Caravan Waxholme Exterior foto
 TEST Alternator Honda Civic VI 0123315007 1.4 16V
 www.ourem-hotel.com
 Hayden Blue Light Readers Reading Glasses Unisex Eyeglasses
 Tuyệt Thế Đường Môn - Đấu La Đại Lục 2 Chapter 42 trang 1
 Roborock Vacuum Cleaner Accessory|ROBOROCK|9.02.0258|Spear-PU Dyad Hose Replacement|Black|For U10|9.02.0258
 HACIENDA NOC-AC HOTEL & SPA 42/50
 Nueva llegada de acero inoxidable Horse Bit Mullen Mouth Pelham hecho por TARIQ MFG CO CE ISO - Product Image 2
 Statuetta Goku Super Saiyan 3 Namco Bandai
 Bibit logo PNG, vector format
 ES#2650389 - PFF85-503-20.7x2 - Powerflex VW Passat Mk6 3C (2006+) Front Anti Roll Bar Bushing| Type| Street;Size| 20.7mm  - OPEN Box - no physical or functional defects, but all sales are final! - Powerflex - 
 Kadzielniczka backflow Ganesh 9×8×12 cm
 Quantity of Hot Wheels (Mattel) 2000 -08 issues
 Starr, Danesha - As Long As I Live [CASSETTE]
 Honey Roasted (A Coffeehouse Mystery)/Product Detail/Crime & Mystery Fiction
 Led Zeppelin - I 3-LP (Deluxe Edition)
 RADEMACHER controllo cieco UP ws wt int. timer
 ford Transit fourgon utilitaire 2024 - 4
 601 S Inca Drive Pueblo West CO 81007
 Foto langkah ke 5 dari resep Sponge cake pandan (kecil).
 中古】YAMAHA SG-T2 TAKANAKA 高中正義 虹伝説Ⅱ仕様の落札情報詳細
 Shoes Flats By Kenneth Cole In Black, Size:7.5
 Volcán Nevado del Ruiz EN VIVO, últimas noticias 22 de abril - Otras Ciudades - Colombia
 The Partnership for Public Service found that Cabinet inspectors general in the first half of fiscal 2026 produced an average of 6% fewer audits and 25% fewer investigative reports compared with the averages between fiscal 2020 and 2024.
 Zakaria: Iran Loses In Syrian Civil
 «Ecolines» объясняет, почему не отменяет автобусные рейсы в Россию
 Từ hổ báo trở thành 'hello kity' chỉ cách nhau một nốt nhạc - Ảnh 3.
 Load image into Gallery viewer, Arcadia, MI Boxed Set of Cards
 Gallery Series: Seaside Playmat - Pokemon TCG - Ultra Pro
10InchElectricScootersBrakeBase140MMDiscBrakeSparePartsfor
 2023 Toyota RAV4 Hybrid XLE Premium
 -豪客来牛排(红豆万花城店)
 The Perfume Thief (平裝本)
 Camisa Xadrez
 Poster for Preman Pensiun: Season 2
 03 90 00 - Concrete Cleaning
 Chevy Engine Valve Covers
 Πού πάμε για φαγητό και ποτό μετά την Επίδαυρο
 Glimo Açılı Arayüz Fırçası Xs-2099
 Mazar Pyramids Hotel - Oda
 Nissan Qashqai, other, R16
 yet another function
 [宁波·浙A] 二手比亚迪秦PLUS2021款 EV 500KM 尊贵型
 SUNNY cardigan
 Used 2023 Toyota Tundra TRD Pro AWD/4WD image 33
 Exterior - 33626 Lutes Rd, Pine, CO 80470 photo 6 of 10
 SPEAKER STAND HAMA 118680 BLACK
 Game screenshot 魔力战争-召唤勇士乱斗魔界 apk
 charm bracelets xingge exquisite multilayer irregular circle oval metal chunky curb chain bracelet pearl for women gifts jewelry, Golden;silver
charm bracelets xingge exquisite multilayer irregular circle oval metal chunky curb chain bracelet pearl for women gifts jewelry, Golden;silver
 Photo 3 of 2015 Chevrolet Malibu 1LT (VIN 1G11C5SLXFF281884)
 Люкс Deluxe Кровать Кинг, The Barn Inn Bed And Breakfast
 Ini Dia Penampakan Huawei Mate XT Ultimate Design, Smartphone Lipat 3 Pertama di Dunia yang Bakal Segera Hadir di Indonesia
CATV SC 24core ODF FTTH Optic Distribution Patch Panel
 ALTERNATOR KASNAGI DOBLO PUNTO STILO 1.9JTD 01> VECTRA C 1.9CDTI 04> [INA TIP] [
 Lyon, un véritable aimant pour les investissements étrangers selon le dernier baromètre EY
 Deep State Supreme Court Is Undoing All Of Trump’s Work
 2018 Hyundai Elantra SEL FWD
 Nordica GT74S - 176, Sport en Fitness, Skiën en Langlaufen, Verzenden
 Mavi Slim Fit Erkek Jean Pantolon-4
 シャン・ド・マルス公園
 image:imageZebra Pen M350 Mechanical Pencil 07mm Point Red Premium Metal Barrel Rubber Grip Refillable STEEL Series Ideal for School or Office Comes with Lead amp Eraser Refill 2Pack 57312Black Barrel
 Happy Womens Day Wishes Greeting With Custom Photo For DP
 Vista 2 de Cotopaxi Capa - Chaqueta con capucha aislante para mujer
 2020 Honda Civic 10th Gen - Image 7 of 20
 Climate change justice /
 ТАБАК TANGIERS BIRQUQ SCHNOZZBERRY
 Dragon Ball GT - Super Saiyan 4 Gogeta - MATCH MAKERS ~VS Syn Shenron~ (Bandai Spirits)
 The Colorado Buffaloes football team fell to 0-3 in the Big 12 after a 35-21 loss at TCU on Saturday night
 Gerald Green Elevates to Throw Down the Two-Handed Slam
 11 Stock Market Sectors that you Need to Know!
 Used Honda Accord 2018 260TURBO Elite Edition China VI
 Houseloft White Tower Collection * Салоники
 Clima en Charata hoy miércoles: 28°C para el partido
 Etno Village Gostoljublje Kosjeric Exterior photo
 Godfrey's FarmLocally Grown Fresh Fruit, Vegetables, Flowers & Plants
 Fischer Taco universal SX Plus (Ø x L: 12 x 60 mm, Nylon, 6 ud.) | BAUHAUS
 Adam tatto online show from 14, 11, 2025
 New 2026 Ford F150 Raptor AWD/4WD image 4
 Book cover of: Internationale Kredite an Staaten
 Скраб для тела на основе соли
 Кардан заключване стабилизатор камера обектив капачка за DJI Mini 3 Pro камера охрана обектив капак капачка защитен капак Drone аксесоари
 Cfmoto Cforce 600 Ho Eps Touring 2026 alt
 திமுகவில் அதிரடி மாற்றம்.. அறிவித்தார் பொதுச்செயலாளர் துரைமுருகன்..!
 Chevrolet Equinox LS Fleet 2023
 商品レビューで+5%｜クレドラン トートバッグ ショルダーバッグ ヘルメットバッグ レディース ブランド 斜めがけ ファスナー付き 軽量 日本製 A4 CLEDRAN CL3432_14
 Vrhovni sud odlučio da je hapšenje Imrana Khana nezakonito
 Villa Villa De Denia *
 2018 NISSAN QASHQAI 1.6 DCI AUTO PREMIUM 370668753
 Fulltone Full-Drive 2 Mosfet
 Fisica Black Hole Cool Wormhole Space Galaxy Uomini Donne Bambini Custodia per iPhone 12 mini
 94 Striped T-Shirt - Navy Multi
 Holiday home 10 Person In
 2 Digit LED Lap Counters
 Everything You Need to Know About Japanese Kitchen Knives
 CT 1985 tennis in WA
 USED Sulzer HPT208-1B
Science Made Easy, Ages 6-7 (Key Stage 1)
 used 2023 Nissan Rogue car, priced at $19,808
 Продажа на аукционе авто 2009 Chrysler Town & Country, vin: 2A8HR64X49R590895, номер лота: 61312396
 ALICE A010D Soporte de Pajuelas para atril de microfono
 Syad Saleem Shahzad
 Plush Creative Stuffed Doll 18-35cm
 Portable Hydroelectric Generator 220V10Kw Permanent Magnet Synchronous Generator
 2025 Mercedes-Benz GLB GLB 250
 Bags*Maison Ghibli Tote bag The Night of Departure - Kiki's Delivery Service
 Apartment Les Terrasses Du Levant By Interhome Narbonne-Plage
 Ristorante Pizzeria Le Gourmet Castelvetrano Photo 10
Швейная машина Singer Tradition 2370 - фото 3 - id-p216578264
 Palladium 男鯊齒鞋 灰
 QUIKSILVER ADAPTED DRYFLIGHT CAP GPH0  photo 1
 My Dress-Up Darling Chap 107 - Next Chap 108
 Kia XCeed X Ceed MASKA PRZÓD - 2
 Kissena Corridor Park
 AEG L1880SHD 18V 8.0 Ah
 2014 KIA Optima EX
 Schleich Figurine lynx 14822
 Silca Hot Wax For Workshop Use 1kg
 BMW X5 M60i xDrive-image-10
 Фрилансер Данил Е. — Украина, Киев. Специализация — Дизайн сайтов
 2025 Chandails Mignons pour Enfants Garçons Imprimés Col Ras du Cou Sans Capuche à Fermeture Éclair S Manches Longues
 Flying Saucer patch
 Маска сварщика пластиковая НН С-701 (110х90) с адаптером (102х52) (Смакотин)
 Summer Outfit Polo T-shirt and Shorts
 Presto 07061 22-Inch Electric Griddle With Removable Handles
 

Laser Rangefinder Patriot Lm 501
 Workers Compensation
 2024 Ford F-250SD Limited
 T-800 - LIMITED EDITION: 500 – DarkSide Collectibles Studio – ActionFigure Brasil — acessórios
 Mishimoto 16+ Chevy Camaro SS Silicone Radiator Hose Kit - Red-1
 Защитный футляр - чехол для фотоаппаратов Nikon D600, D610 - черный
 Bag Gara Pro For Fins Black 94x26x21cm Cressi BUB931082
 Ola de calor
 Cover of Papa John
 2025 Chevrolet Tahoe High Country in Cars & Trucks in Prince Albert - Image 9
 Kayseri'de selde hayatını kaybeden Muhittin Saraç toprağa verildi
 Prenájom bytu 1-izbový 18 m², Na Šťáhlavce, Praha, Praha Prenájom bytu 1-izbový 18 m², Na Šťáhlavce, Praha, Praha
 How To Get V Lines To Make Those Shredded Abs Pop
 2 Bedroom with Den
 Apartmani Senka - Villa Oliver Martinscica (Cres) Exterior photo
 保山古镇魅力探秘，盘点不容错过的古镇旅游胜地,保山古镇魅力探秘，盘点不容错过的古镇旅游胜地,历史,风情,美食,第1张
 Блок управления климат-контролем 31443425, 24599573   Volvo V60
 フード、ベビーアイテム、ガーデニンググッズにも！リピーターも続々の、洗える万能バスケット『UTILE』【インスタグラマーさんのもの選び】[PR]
^^^^^^^^^^^^^^^^
**Instructions for the task**
Look over the material above and report how many of its lines have the string "Know" in them, nothing more.

**Task answer**
2